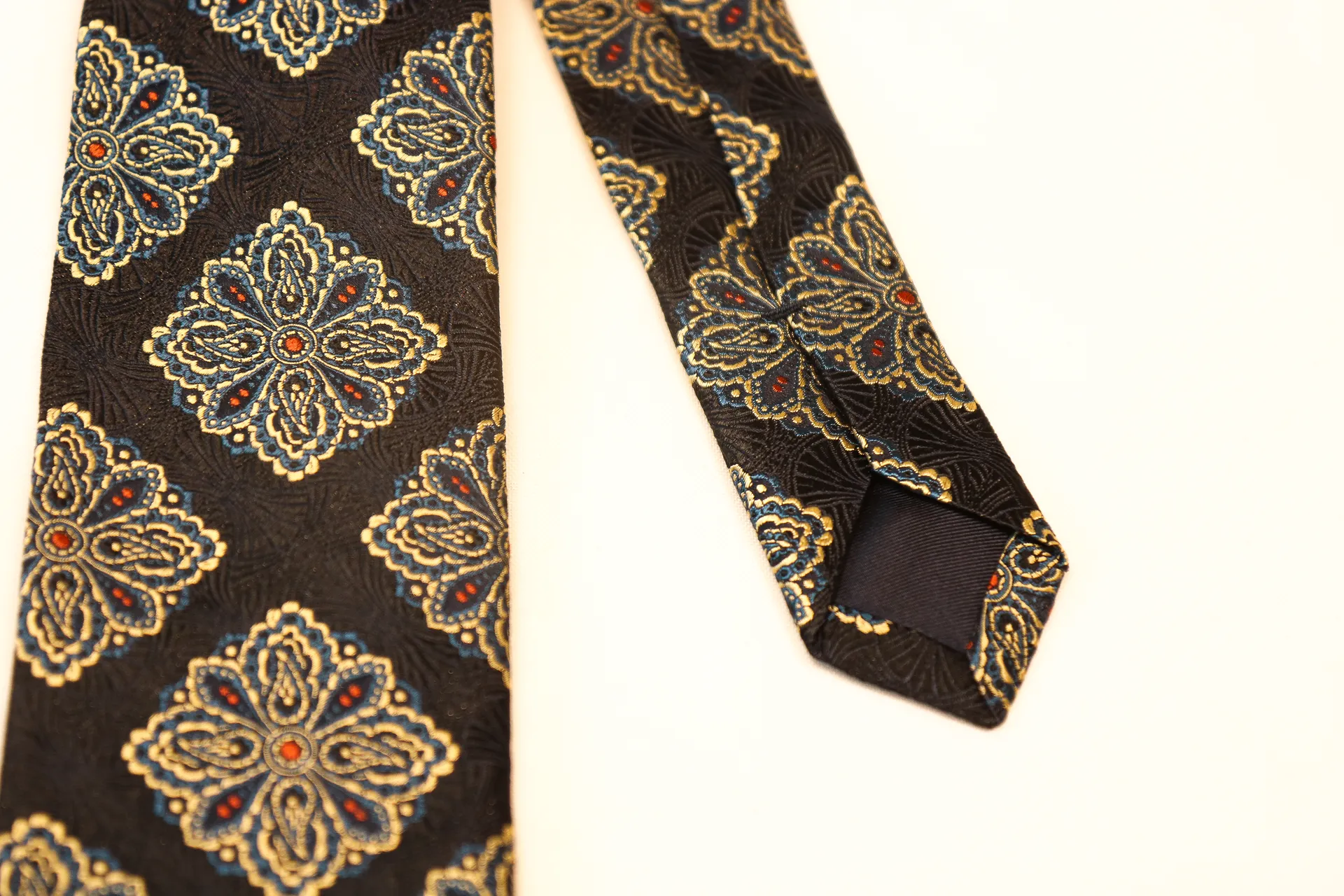 Tie 100% Silk Navy & Off White Flower Silk Tip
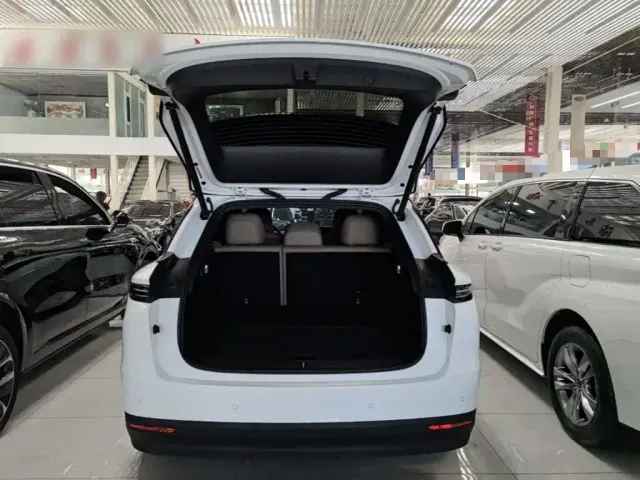 Li Auto i6 — Фото автомобиля 18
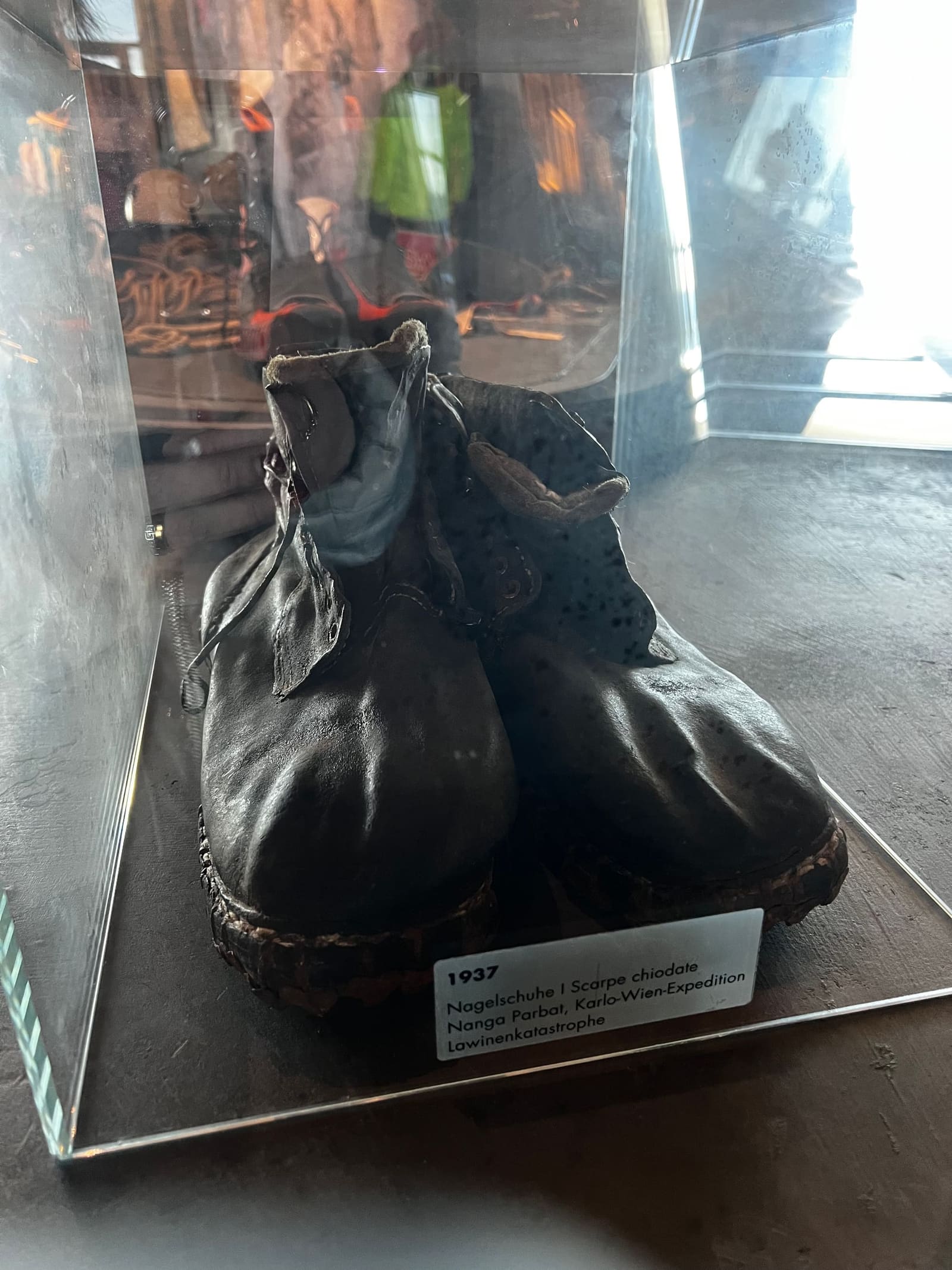 le scarpe chiodate del 1937, dalla spedizione al Nanga Parbat finita sotto una valanga
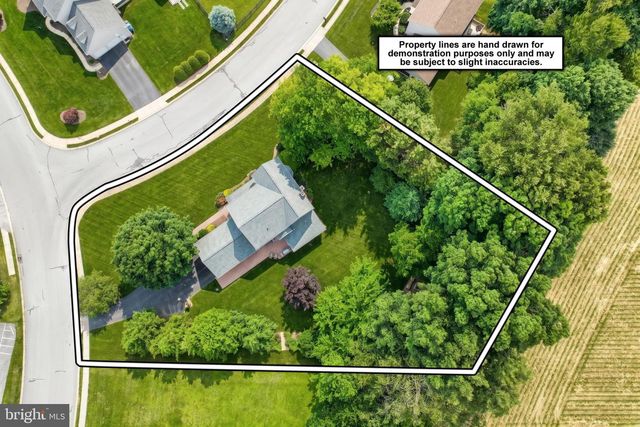 3133 WHEATLYN RD, York, PA 17402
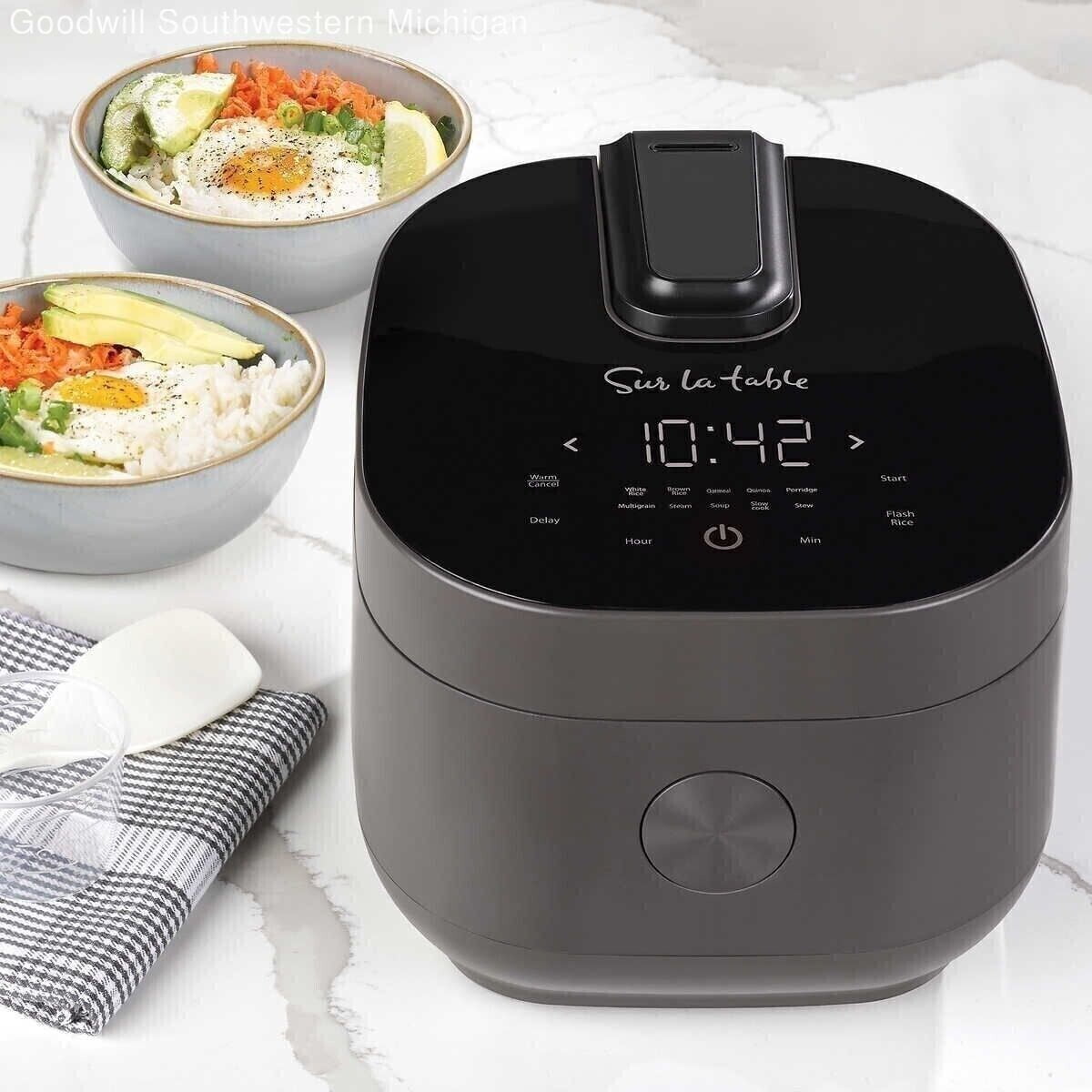 https://i5.walmartimages.com/seo/Open-Box-Sur-La-Table-Rice-Cooker-with-Induction-Technology-Black-SLT-5801_6af96c46-c038-4687-bb69-1efb7c8d8ba5.e6919b4030c7cd1f463966d9ba73c488.jpeg
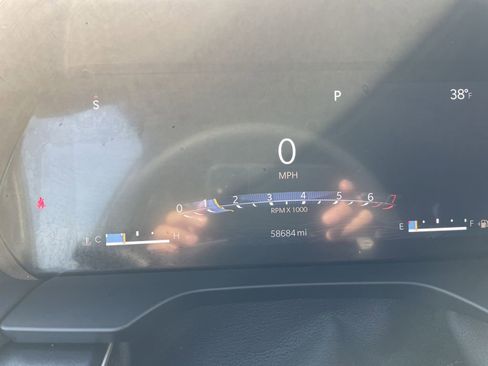 Used 2023 Jeep Grand Cherokee Laredo image 17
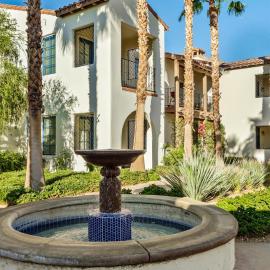LV250 Upstairs 2 BDR Condo with Private Balcony, hotel i La Quinta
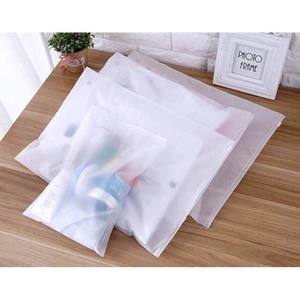 Vente en gros au Vietnam de sacs à fermeture à glissière OEM directement de l'usine sacs à fermeture à glissière thermoscellés emballage textile pour vêtement certifié GRS40 RCS CTIC - Product Image 2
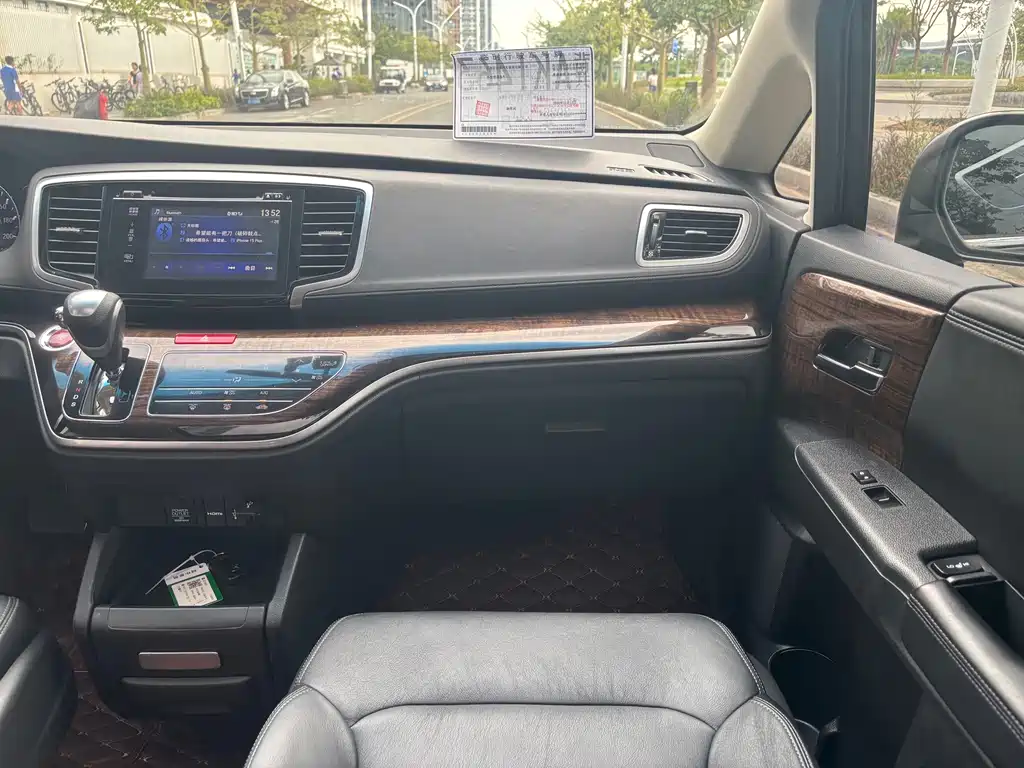 Honda Odyssey — миниатюра 16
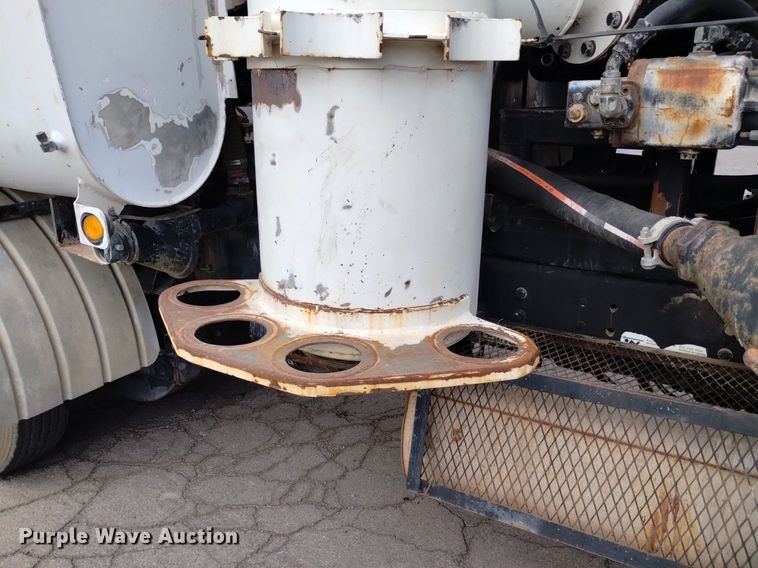 image for item DK8788 2000 Sterling LT  vacuum truck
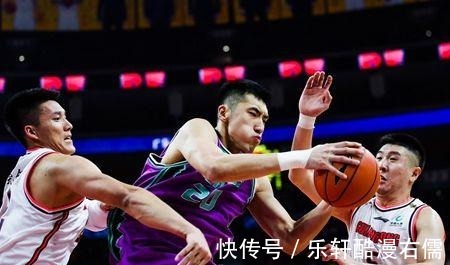 废掉|山东男篮惨败,徐长锁亲手废掉四员大将,有巩晓彬在不至于此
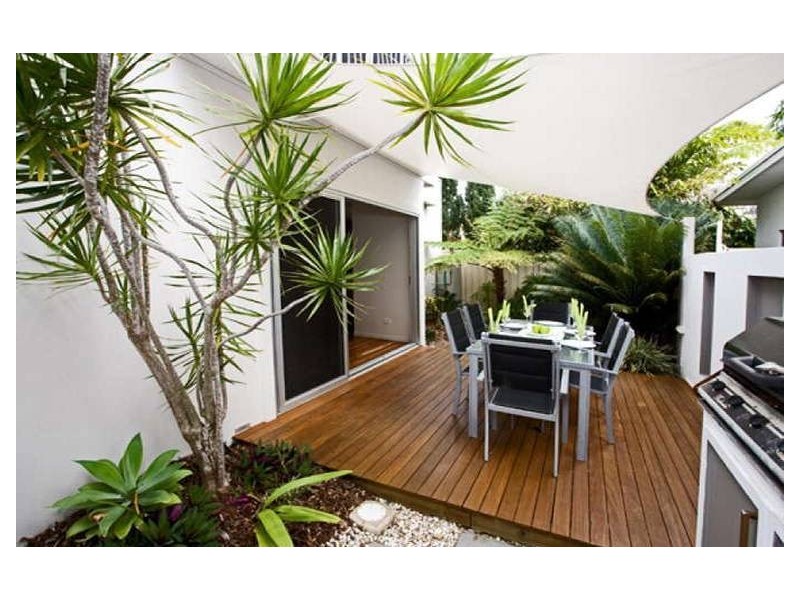 12 Castaway Court, Kawana Island QLD 4575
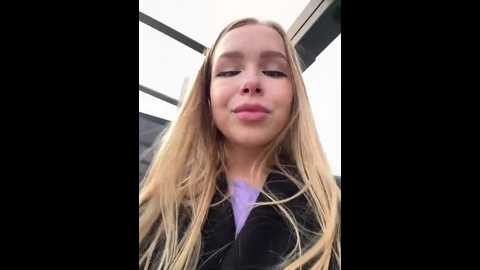 mur_girl @ stripchat on 20241117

******

Aim of the task –
Give the records back exactly, with no pictures.

Solution to the problem –
 Tie 100% Silk Navy & Off White Flower Silk Tip
 Li Auto i6 — Фото автомобиля 18
 le scarpe chiodate del 1937, dalla spedizione al Nanga Parbat finita sotto una valanga
 3133 WHEATLYN RD, York, PA 17402
 https://i5.walmartimages.com/seo/Open-Box-Sur-La-Table-Rice-Cooker-with-Induction-Technology-Black-SLT-5801_6af96c46-c038-4687-bb69-1efb7c8d8ba5.e6919b4030c7cd1f463966d9ba73c488.jpeg
 Used 2023 Jeep Grand Cherokee Laredo image 17
LV250 Upstairs 2 BDR Condo with Private Balcony, hotel i La Quinta
 Vente en gros au Vietnam de sacs à fermeture à glissière OEM directement de l'usine sacs à fermeture à glissière thermoscellés emballage textile pour vêtement certifié GRS40 RCS CTIC - Product Image 2
 Honda Odyssey — миниатюра 16
 image for item DK8788 2000 Sterling LT  vacuum truck
 废掉|山东男篮惨败,徐长锁亲手废掉四员大将,有巩晓彬在不至于此
 12 Castaway Court, Kawana Island QLD 4575
 mur_girl @ stripchat on 20241117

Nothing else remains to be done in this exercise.